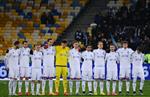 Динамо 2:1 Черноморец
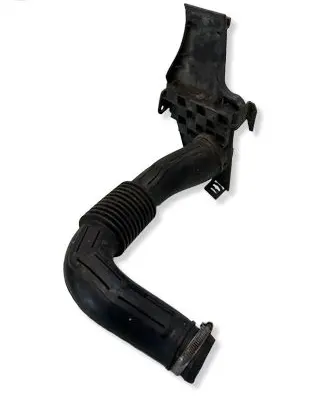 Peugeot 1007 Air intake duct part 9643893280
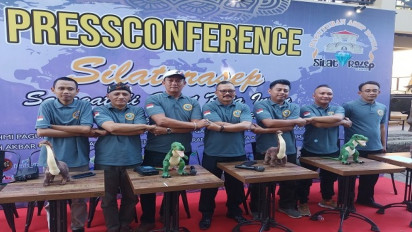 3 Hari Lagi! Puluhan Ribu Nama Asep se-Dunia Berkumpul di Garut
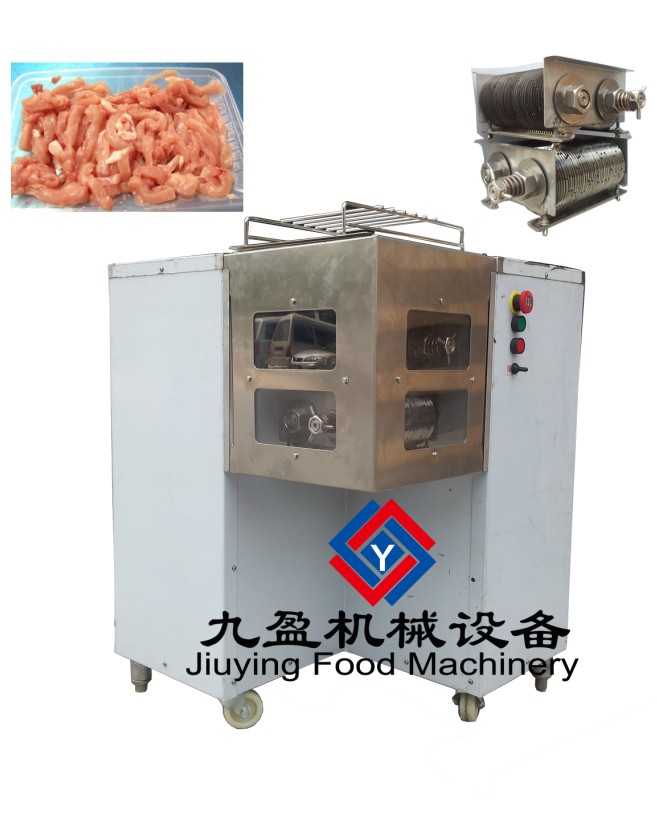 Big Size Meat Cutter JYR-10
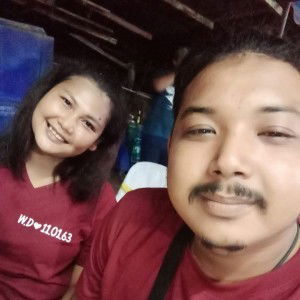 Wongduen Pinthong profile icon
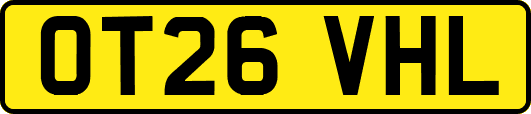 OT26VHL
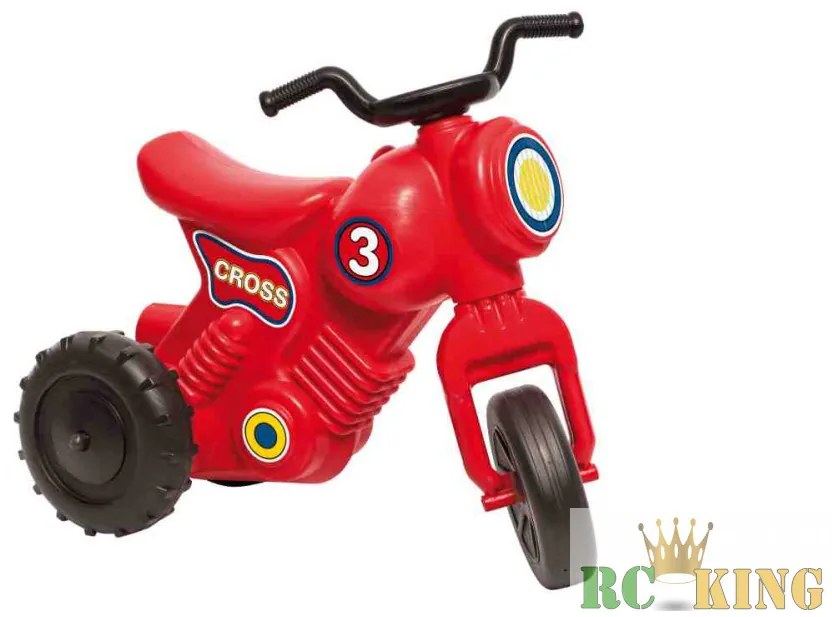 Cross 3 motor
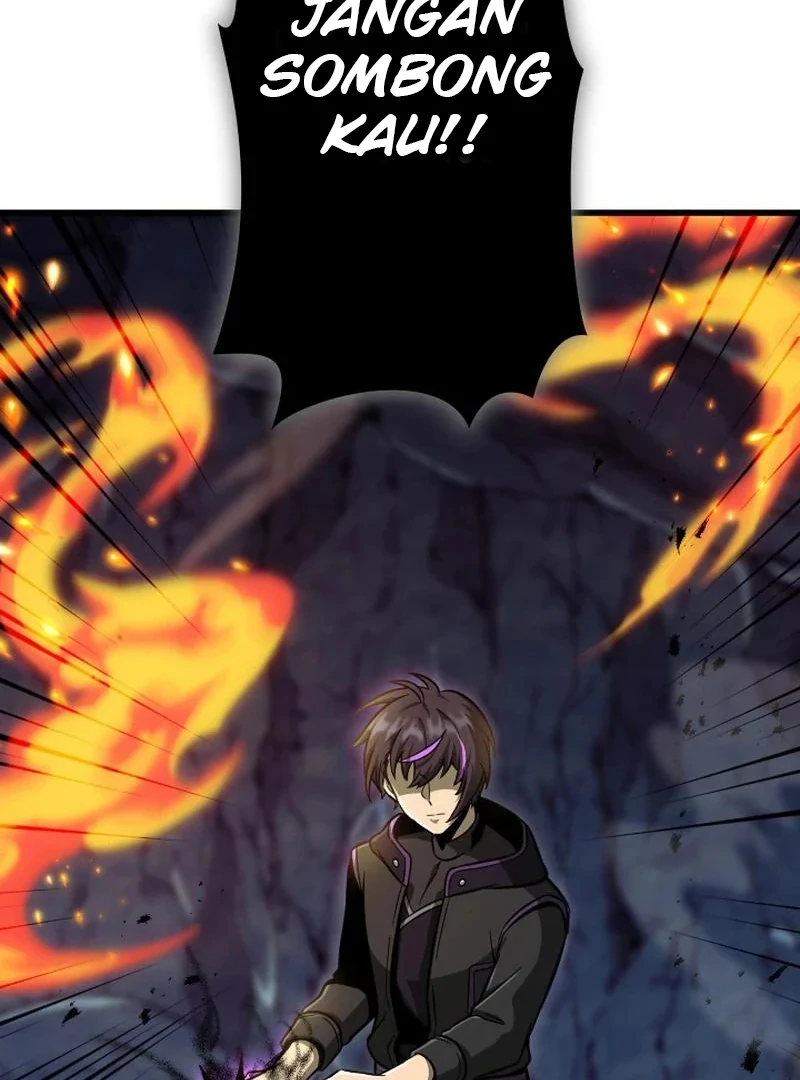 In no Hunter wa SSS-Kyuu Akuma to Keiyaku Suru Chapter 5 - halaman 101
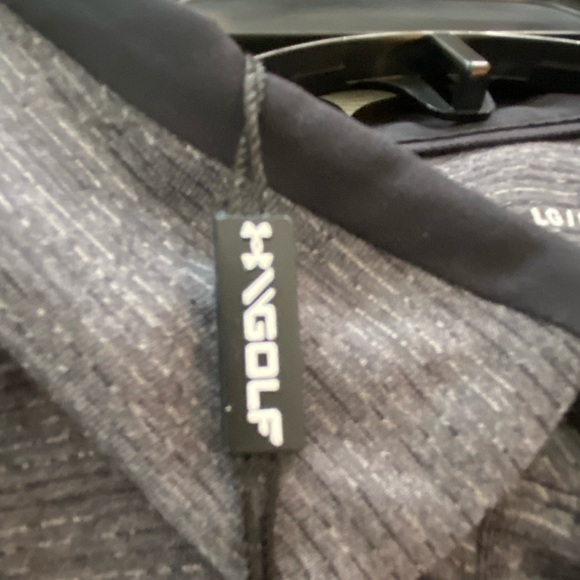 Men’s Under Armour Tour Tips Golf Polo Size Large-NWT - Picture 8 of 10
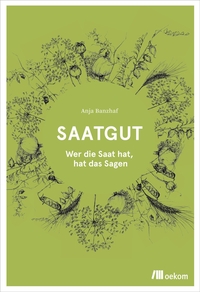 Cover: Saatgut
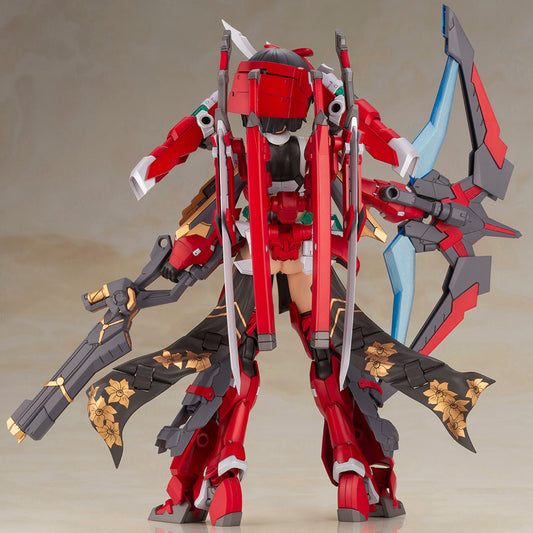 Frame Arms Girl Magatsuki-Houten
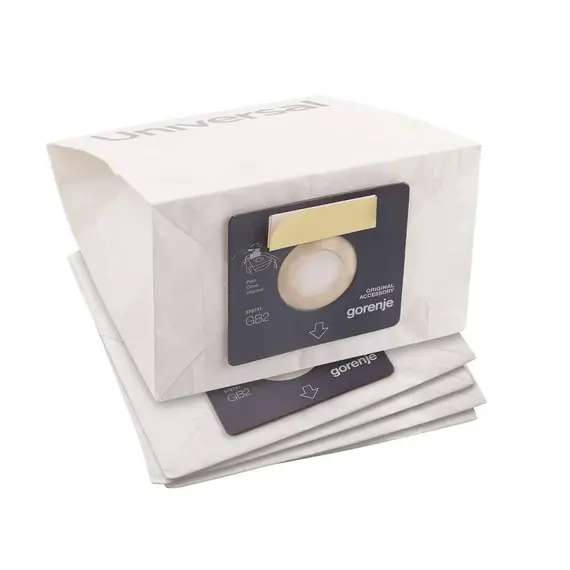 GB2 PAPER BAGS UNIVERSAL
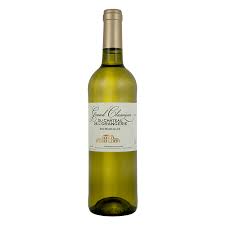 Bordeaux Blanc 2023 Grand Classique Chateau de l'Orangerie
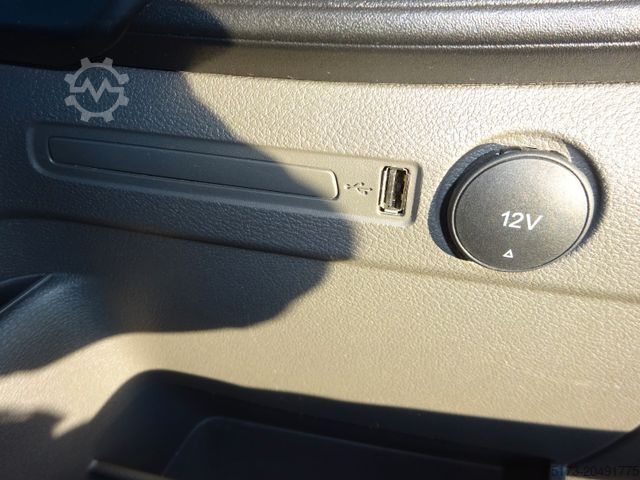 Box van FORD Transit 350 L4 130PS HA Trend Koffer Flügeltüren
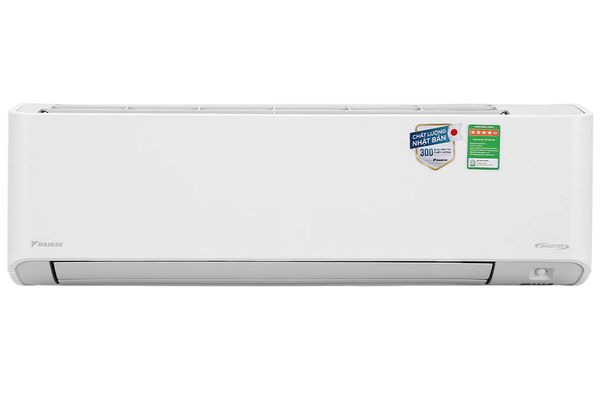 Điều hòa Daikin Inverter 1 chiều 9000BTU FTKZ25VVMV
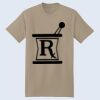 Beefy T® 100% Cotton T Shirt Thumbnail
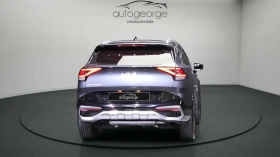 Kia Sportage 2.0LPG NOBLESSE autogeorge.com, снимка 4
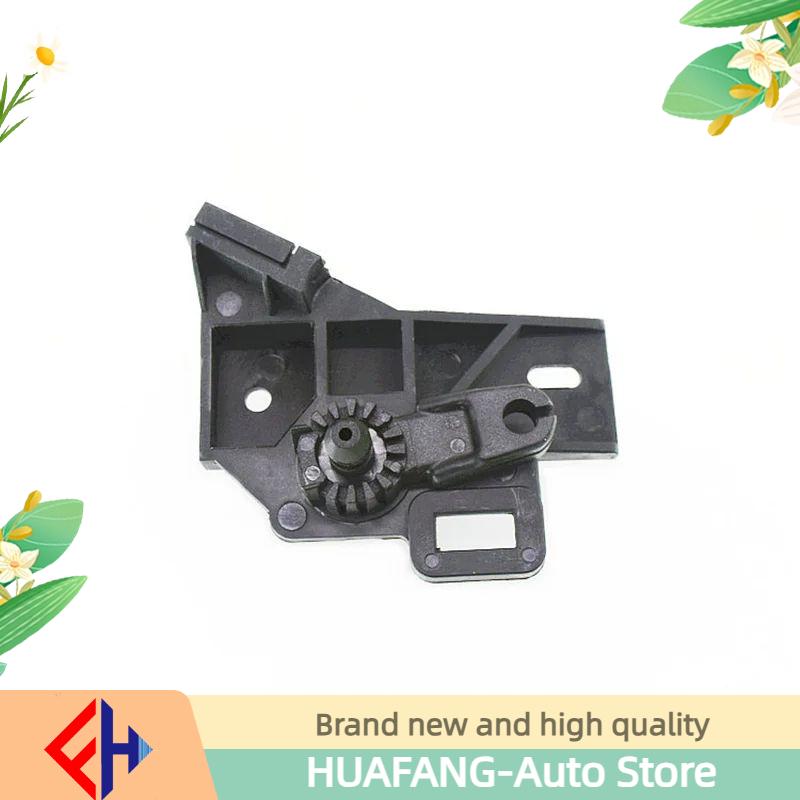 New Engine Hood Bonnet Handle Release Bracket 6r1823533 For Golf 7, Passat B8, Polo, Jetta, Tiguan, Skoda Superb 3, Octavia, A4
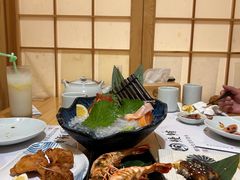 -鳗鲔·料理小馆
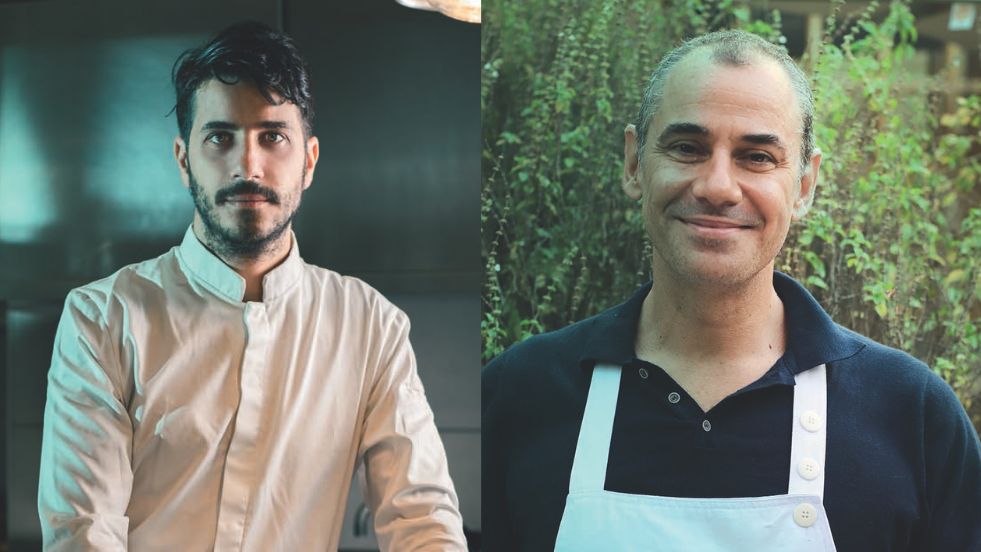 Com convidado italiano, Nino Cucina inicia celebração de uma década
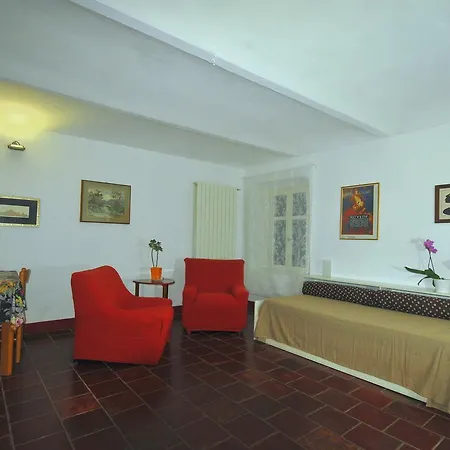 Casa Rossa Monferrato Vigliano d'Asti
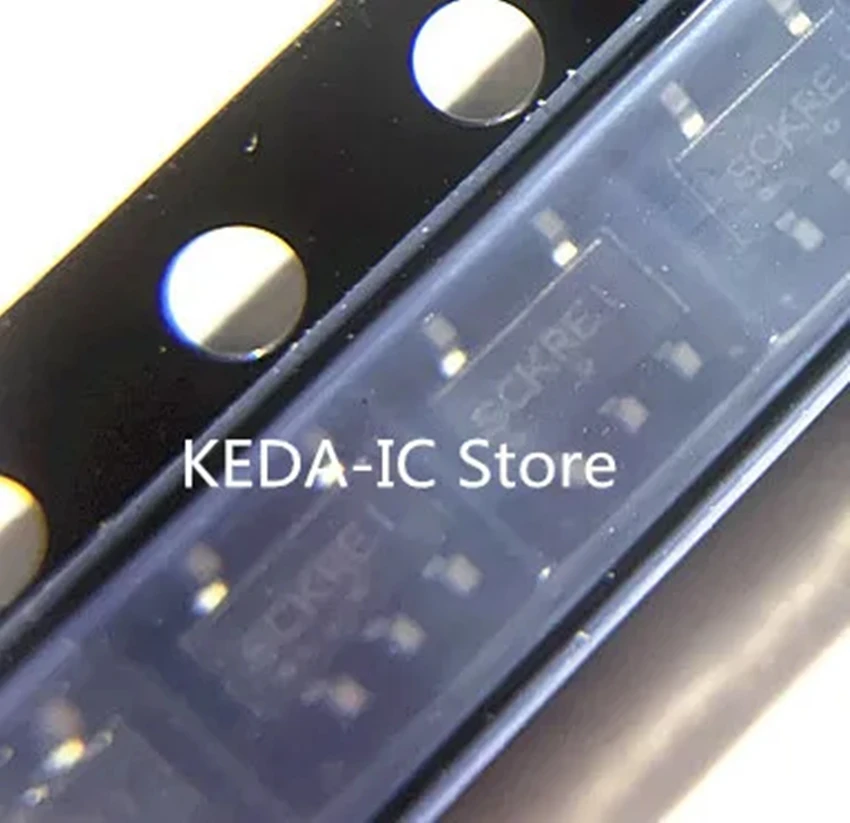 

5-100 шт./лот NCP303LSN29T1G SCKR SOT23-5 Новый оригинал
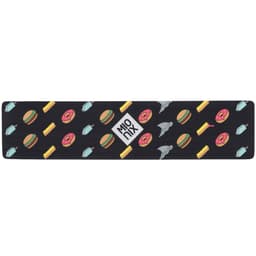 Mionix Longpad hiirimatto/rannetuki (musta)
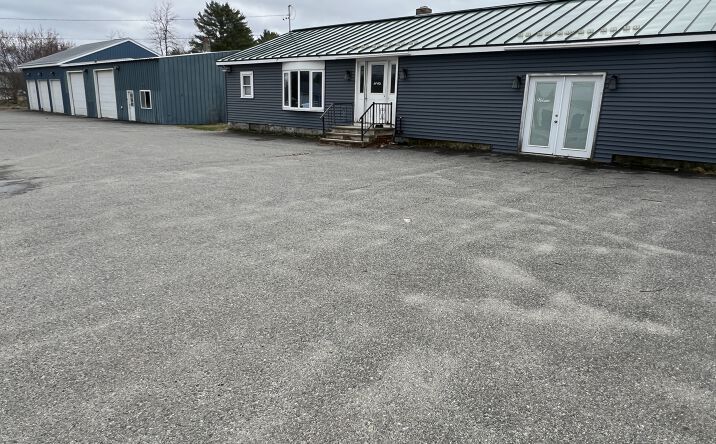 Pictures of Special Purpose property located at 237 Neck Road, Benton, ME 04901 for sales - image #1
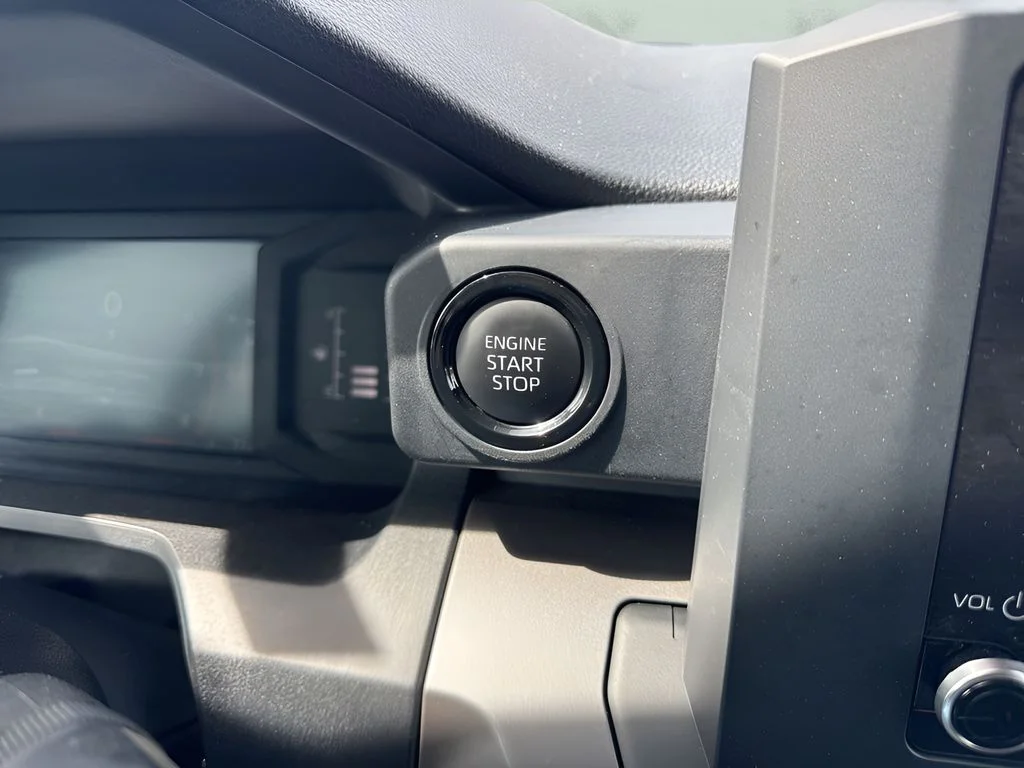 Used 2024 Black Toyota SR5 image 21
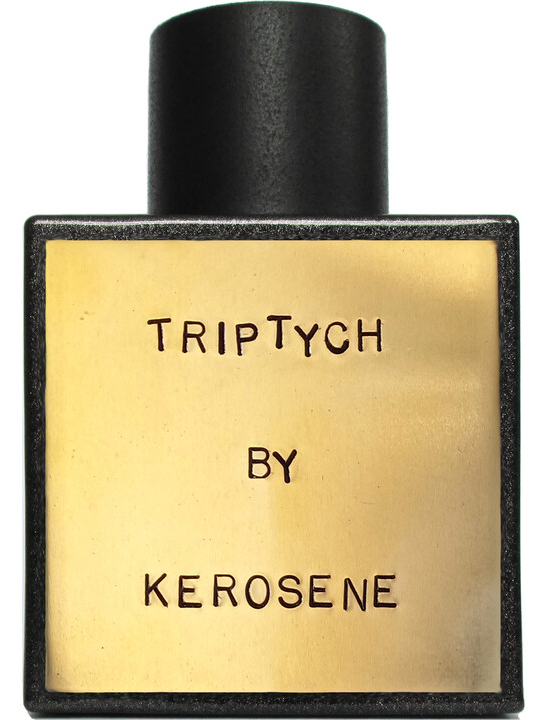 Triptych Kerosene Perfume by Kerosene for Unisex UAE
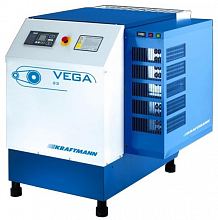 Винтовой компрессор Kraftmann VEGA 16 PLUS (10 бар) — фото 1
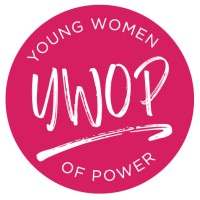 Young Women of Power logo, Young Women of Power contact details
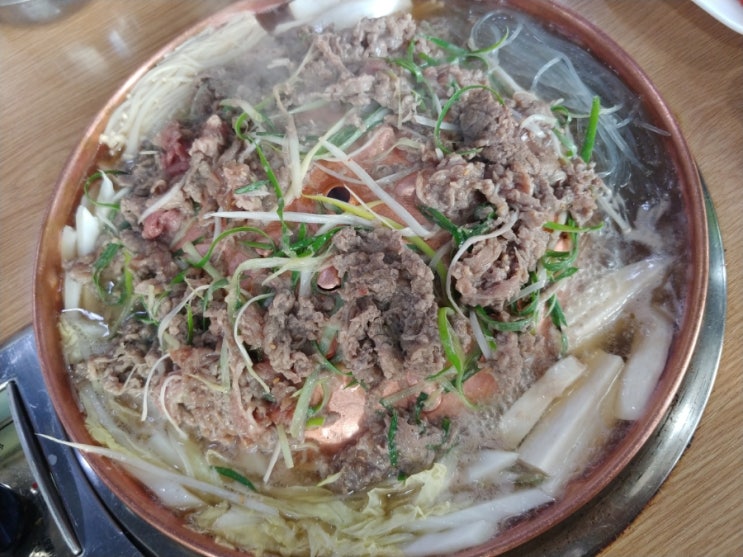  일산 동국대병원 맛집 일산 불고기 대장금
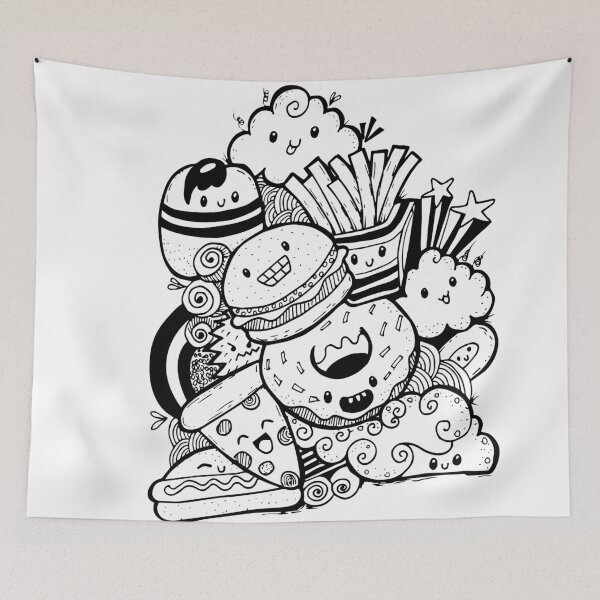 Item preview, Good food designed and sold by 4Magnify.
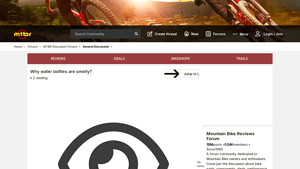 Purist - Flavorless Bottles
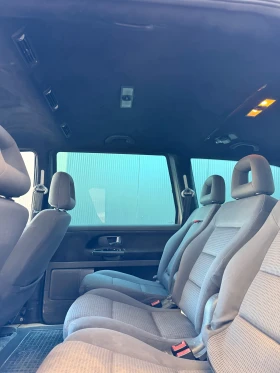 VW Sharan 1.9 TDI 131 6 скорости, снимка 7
==*==
**Exercise goal**. The whole listing above needs to be copied exactly; please keep the pictures out.

**Exercise result**.
 Динамо 2:1 Черноморец
 Peugeot 1007 Air intake duct part 9643893280
 3 Hari Lagi! Puluhan Ribu Nama Asep se-Dunia Berkumpul di Garut
 Big Size Meat Cutter JYR-10
 Wongduen Pinthong profile icon
 OT26VHL
 Cross 3 motor
 In no Hunter wa SSS-Kyuu Akuma to Keiyaku Suru Chapter 5 - halaman 101
 Men’s Under Armour Tour Tips Golf Polo Size Large-NWT - Picture 8 of 10
 Cover: Saatgut
 Frame Arms Girl Magatsuki-Houten
 GB2 PAPER BAGS UNIVERSAL
 Bordeaux Blanc 2023 Grand Classique Chateau de l'Orangerie
 Box van FORD Transit 350 L4 130PS HA Trend Koffer Flügeltüren
 Điều hòa Daikin Inverter 1 chiều 9000BTU FTKZ25VVMV
 Beefy T® 100% Cotton T Shirt Thumbnail
 Kia Sportage 2.0LPG NOBLESSE autogeorge.com, снимка 4
 New Engine Hood Bonnet Handle Release Bracket 6r1823533 For Golf 7, Passat B8, Polo, Jetta, Tiguan, Skoda Superb 3, Octavia, A4
 -鳗鲔·料理小馆
 Com convidado italiano, Nino Cucina inicia celebração de uma década
 Casa Rossa Monferrato Vigliano d'Asti

5-100 шт./лот NCP303LSN29T1G SCKR SOT23-5 Новый оригинал
 Mionix Longpad hiirimatto/rannetuki (musta)
 Pictures of Special Purpose property located at 237 Neck Road, Benton, ME 04901 for sales - image #1
 Used 2024 Black Toyota SR5 image 21
 Triptych Kerosene Perfume by Kerosene for Unisex UAE
 Винтовой компрессор Kraftmann VEGA 16 PLUS (10 бар) — фото 1
 Young Women of Power logo, Young Women of Power contact details
  일산 동국대병원 맛집 일산 불고기 대장금
 Item preview, Good food designed and sold by 4Magnify.
 Purist - Flavorless Bottles
 VW Sharan 1.9 TDI 131 6 скорости, снимка 7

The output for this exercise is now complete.